# [Action item]
Lines from the top of the entries through the line that has "القناة الوثائقية تبث الجزء الأول من فيلم ‘الزعيم’ الليلة القناة" must be duplicated exactly, and no others.

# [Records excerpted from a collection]
Content starts

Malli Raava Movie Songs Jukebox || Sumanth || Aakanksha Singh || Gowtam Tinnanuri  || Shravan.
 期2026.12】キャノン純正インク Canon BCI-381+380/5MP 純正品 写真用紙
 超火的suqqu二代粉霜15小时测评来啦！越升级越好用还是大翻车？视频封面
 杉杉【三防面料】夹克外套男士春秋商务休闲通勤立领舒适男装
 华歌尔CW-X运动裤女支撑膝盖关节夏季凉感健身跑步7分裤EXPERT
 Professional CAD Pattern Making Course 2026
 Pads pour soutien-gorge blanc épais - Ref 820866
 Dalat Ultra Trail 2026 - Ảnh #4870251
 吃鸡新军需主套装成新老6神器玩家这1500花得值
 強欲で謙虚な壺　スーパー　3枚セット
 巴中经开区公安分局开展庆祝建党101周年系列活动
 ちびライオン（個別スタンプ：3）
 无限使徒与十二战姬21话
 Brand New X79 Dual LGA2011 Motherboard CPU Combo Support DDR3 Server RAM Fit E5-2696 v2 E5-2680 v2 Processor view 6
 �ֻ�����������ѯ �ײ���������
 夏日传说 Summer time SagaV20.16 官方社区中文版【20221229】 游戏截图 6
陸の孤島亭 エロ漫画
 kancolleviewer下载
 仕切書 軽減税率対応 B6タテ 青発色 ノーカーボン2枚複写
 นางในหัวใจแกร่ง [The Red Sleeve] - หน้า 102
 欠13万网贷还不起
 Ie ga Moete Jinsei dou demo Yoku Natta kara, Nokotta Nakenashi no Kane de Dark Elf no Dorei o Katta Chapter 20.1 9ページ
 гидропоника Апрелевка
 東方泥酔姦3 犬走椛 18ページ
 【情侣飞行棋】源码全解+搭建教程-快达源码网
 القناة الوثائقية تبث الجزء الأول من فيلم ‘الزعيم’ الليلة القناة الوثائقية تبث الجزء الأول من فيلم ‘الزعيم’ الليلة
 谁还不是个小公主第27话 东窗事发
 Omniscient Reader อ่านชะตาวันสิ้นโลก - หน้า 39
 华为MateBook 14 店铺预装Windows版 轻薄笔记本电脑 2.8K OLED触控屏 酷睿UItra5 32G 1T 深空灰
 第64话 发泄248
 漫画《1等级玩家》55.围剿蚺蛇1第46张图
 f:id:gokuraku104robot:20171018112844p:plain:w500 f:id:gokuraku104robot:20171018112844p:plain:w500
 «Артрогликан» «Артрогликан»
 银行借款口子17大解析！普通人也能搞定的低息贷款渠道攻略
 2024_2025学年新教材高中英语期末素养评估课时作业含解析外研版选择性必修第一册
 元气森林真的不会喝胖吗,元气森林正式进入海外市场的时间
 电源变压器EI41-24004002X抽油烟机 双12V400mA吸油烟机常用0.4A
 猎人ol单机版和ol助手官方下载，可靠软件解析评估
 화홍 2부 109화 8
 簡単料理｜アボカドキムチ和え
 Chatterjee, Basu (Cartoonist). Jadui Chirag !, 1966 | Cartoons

Content ends

# [Solution]
Malli Raava Movie Songs Jukebox || Sumanth || Aakanksha Singh || Gowtam Tinnanuri  || Shravan.
 期2026.12】キャノン純正インク Canon BCI-381+380/5MP 純正品 写真用紙
 超火的suqqu二代粉霜15小时测评来啦！越升级越好用还是大翻车？视频封面
 杉杉【三防面料】夹克外套男士春秋商务休闲通勤立领舒适男装
 华歌尔CW-X运动裤女支撑膝盖关节夏季凉感健身跑步7分裤EXPERT
 Professional CAD Pattern Making Course 2026
 Pads pour soutien-gorge blanc épais - Ref 820866
 Dalat Ultra Trail 2026 - Ảnh #4870251
 吃鸡新军需主套装成新老6神器玩家这1500花得值
 強欲で謙虚な壺　スーパー　3枚セット
 巴中经开区公安分局开展庆祝建党101周年系列活动
 ちびライオン（個別スタンプ：3）
 无限使徒与十二战姬21话
 Brand New X79 Dual LGA2011 Motherboard CPU Combo Support DDR3 Server RAM Fit E5-2696 v2 E5-2680 v2 Processor view 6
 �ֻ�����������ѯ �ײ���������
 夏日传说 Summer time SagaV20.16 官方社区中文版【20221229】 游戏截图 6
陸の孤島亭 エロ漫画
 kancolleviewer下载
 仕切書 軽減税率対応 B6タテ 青発色 ノーカーボン2枚複写
 นางในหัวใจแกร่ง [The Red Sleeve] - หน้า 102
 欠13万网贷还不起
 Ie ga Moete Jinsei dou demo Yoku Natta kara, Nokotta Nakenashi no Kane de Dark Elf no Dorei o Katta Chapter 20.1 9ページ
 гидропоника Апрелевка
 東方泥酔姦3 犬走椛 18ページ
 【情侣飞行棋】源码全解+搭建教程-快达源码网
 القناة الوثائقية تبث الجزء الأول من فيلم ‘الزعيم’ الليلة القناة الوثائقية تبث الجزء الأول من فيلم ‘الزعيم’ الليلة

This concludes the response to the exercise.